In Büchern nach der Geschichte greifen
Auf der Frankfurter Buchmesse fällt auf, dass sich deutschsprachige Autoren schwertun mit dem populären Schreiben der Geschichte.
Geschichtsbewusstsein steht nicht besonders hoch im Kurs. Das kommt einer Reduzierung des kritischen Bewusstseins gleich. Was tun, wenn eine ganze Generation in den Schulen von geisteswissenschaftlicher Prägung verschont wird? Ist die Bildung zu retten, wenn sich die Politik mit der Ausbildung junger Leute zufrieden gibt und einem zum Vorwurf gemacht werden kann, wenn man Shakespeare zitieren kann?

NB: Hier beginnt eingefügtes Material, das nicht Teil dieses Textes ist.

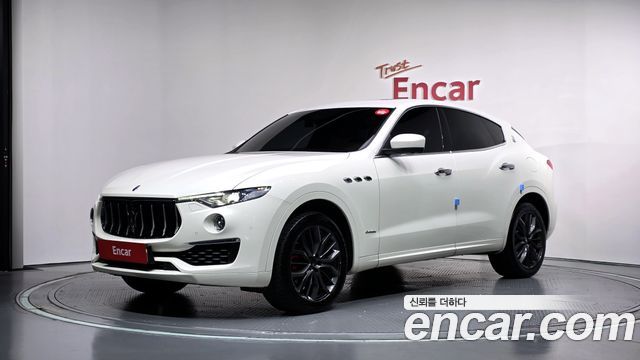Maserati Levante 2019 — photo 1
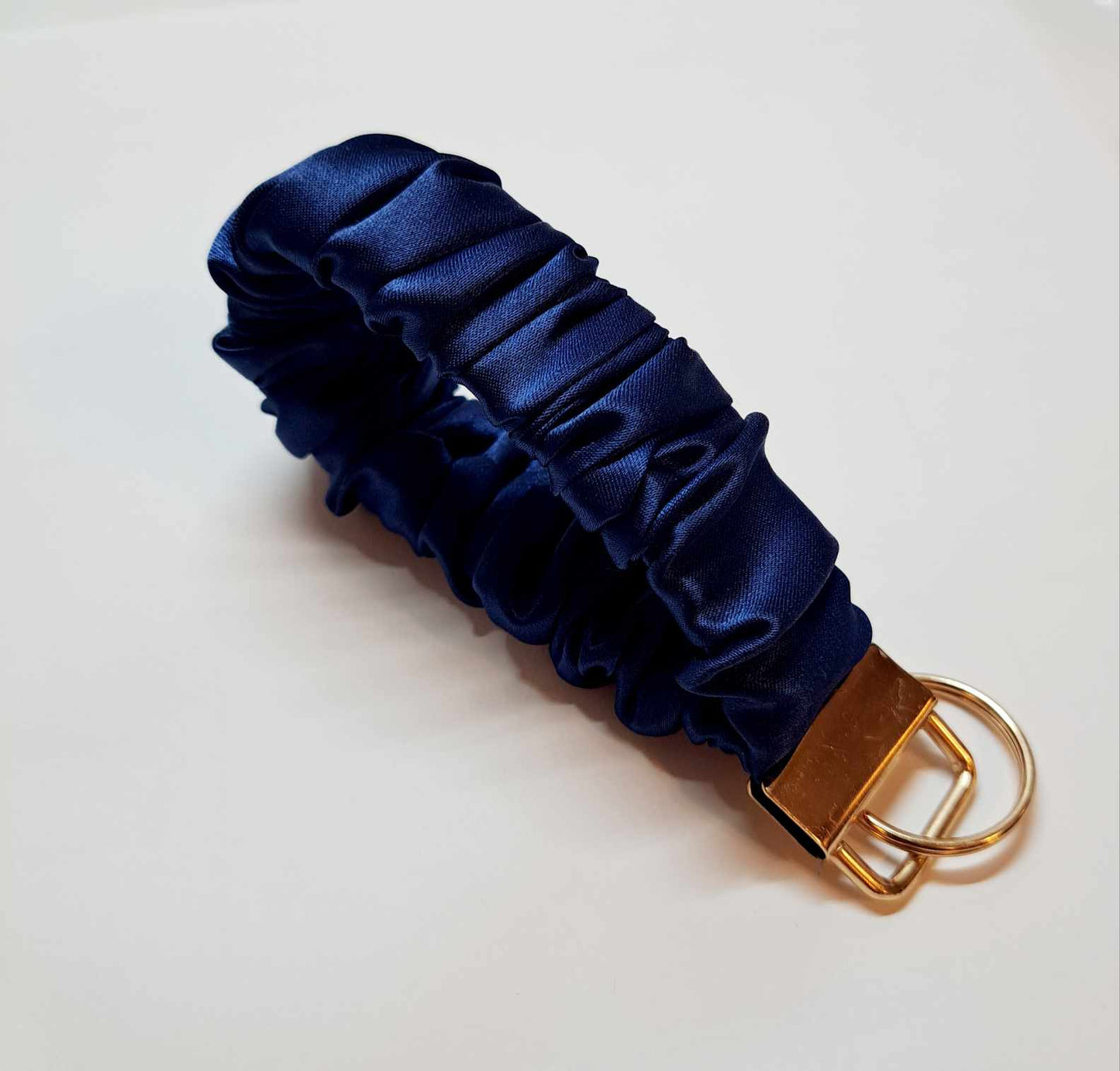 Porte-Clé en chouchou - Bleu foncé en satin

Dabei wäre Shakespeare idealer Auskunftgeber für das Funktionieren von Macht und deren katastrophalen Folgen, wenn sie missbraucht wird. Wer sich Bildung angeeignet hat, wird schwerer zu beherrschen sein. Kein Wunder, dass für alle, die an duldsamen Bürgern interessiert sind, der aufgeklärte Mensch, der den Sprung zum eigenständigen Denken schafft, eine Angstfigur abgibt.
Am Eingang zur Frankfurter Buchmesse und an Ständen von Ausstellern liegt heuer die „Allgemeine Erklärung der Menschenrechte“vom 10. Dezember 1948 auf. Sie liefert die Grundlagen unseres Zusammenlebens. Ihr kommt Allgemeingültigkeit zu, wird aber von zahlreichen Staaten verraten, von autoritären Kleingeistern infrage gestellt.

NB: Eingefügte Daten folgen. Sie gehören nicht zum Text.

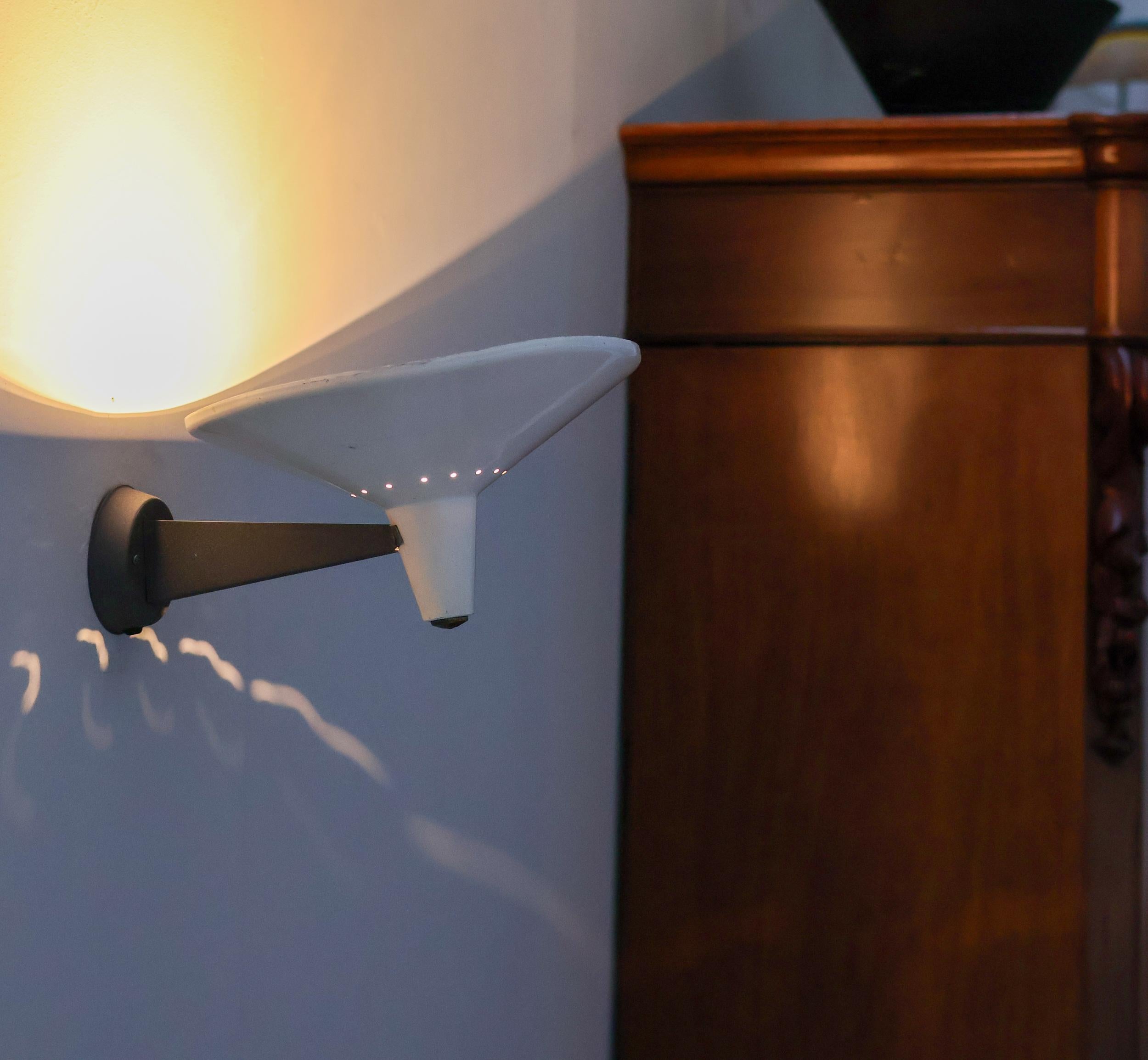 Mid-20th Century Modern wall sconce, made in Italy.
Made in enameled steel, the shade can be adjusted slightly to create the right angle to the wall.
Unmarked.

Was es heißt, gegen Tyrannei und Unterdrückung vorzugehen, steht in Geschichtsbüchern. Beim Verlag Klett-Cotta gewinnt man nicht den Eindruck, dass das Interesse an historischen Büchern abgenommen hätte. Die Lesergruppe wird dominiert von Menschen jenseits der 40, die in ökonomisch zufriedenstellenden Verhältnissen leben. Für sie macht es keinen Unterschied, ob sie zu „Welten der Antike“von Michael Scott greifen oder zu Sven Erich Kellerhoffs Buch über einen Vorfall aus dem November 1938 in einem deutschen Dorf, „Ein ganz normales Pogrom“. Indem sie sich mit der Vergangenheit beschäftigen, erfahren sie, auf welch blutgetränktem Boden wir stehen.
Wir sind es gewöhnt, regelmäßig auf großartig geschriebene Geschichtsbücher aus Frankreich, den USA oder Großbritannien zu stoßen. Warum tun sich deutsche Historiker so schwer damit, ihre Forschungsergebnisse in lesbarer Form aufzubereiten? Immerhin gibt es große Vorbilder wie Ferdinand Gregorovius oder Theodor Mommsen, der 1902 sogar mit dem Nobelpreis für Literatur ausgezeichnet wurde. Es gibt eine Scheu junger Historiker, Sachbücher über ihr Fachgebiet zu veröffentlichen, weil sie fürchten, dass das ihrer Karriere hinderlich sein könnte. Und tatsächlich gibt es den Fall eines Geschichtsprofessors, dem der Erfolg seines Buchs zum Verhängnis wurde, zumal er plötzlich die Abneigung seiner Kollegen zur Kenntnis nehmen musste. Seine Arbeit wurde als unseriös diffamiert.
Die Fernsehserie „Babylon Berlin“hat kürzlich die Öffentlichkeit für die 1920er-Jahre des vorigen Jahrhunderts interessiert. Geschichte in Pillenform, aufbereitet in Episoden, ist massenkompatibel. Das sieht man, wenn Volker Kutscher, der die literarische Vorlage der Serie lieferte, seinen Auftritt bekommt, der geradezu gestürmt wird.